The W.D. Mansfield Memorial Bridge, commonly known as the Dravosburg Bridge, is a cantilever bridge that carries vehicular traffic across the Monongahela River between McKeesport, Pennsylvania and Dravosburg, Pennsylvania in the United States.

It is a high-level bridge that passes over railyard, industrial sites, and Route 837, to connect Fifth Avenue in McKeesport and Richland Avenue in Dravosburg.

==History==
This structure replaced the low-level 1889 Dravosburg-Reynoldton Bridge. The steel from the Wabash Bridge, demolished in 1948, was used in the construction of this bridge.
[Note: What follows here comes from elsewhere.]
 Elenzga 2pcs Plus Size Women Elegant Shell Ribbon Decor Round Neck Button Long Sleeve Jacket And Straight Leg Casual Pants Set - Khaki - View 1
On September 18, 1951, Buncher Co. of Pittsburgh won the demolition contract via open bidding, with a total of $23,971. The losing bids on the project stretched from $37,000-$93,200. In order to not interfere with boating traffic, the old span's pilings would be required to be removed to a point 19 ft below the surface of the Monongahela River. Demolition of the 1889 bridge began after the formal opening of the replacement bridge. On December 28, 1951, the final span of the steel structure came down after torches melted the Dravosburg side's girders. A tugboat attached to a barge pulled the structure down into the river on the second attempt.

As built, the Mansfield Bridge carried trolley tracks of Pittsburgh Railways route 56 McKeesport via 2nd Avenue. The trolley line was replaced by a bus on September 5, 1963.

The bridge is named for McKeesport politician William D. Mansfield, who served as an Allegheny County Commissioner and later as a State Senator.